Ordinary Time

I recently finished, Ordinary Time: The Season of Growth, by Amy Peeler. This is the final book in the Fullness of Time Series covering the yearly liturgical church calendar. Ordinary…


I recently finished, Ordinary Time: The Season of Growth, by Amy Peeler. This is the final book in the Fullness of Time Series covering the yearly liturgical church calendar. Ordinary time is the longest time on the liturgical church calendar and runs from Pentecost to Advent, covering almost 6 months of the liturgical church calendar.

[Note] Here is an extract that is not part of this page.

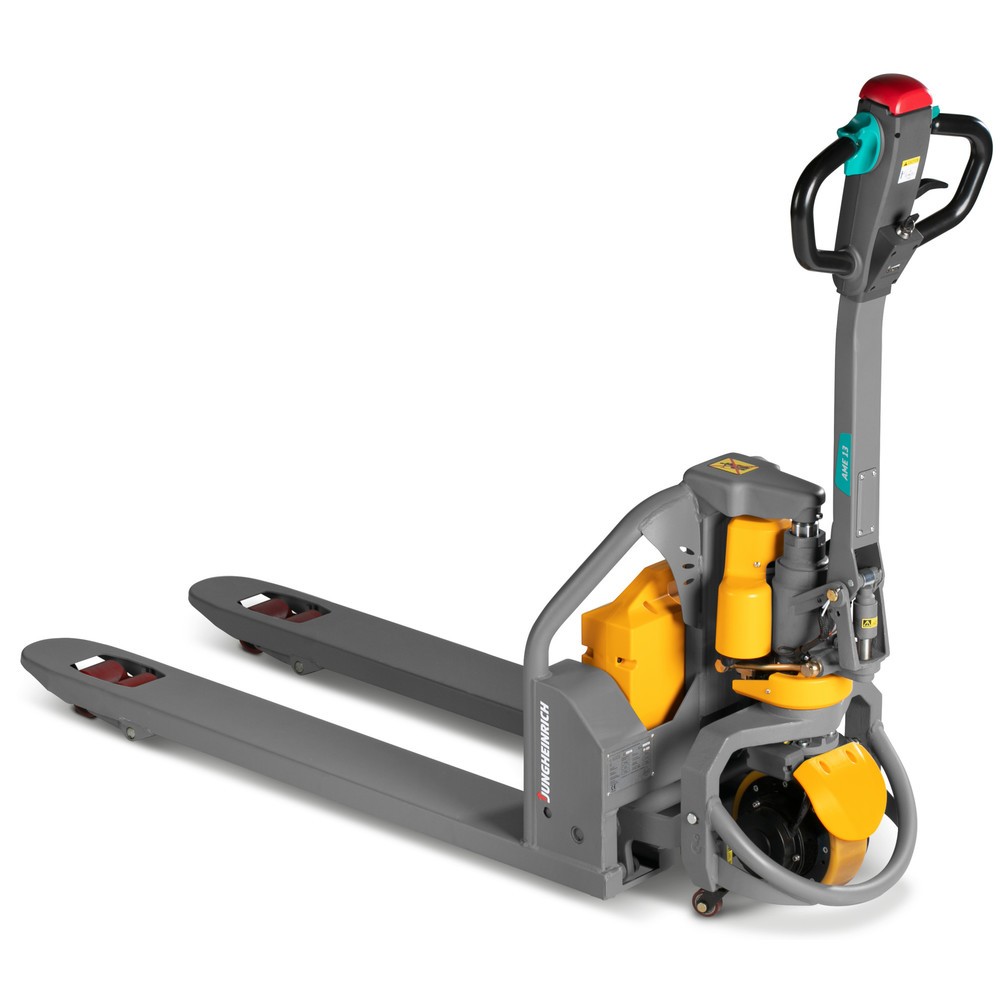 Produktabbildung: Jungheinrich Elektro-Hubwagen AME 13, Tragfähigkeit 1.300 kg, Gabellänge 1.150 mm, Gabeltragbreite 685 mm
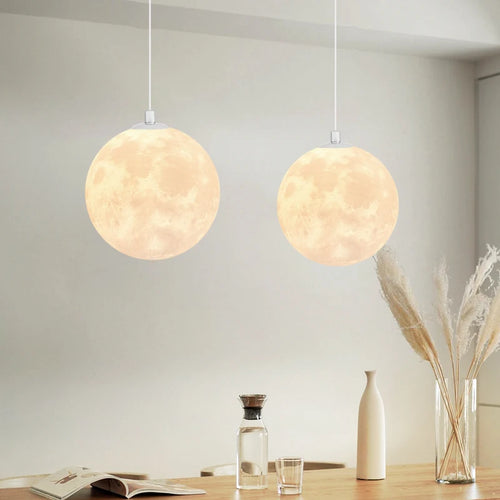 lustre nordique 3d imprimé lune pour enfants personnalisé - vue 2 sur 11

Here are some quotes from the book.

  • A perceptive man in my Sunday school class recently observed that some traditions speak about “asking Jesus into your heart,” while ours proclaims, “This is the body of Christ,” over a piece of bread that we then take into our mouths. All Christians have found ways to follow Jesus’ message that God’s Word should be internalized (e.g., Mark 7). All Christians aim to receive the promise of the New Covenant that God will plant the good law of God in our hearts and minds (Jeremiah 31:33; Hebrews 8:10). The Eucharist is a tangible way to enact this internalization.
  • The Revised Common Lectionary provides two tracks for the Scriptures read in the worship service each Sunday during Ordinary Time. In one system, the Old Testament passage is chosen to align with the theme present in the Gospel reading. In the alternative option, the readings move chronologically through the Old Testament: one year focuses on the Pentateuch, one on the history and Wisdom literature, and one on the Prophets. In this path, at the end of three years, congregants have gained a decent sense of the scope of the first testament’s story.
  • In Christian experience, instead of preparing a meal for God, God prepares a meal for us and invites us to come to his table, where he gives the most lavish feast of all: his own body and his own blood. When we come to this table, we can see ourselves as clearly as God sees us, as honestly as God saw Sarah—sinful yet blessed, always bearing God’s image.
  • That daily faithfulness is when trust, even in the face of death, becomes our new ordinary.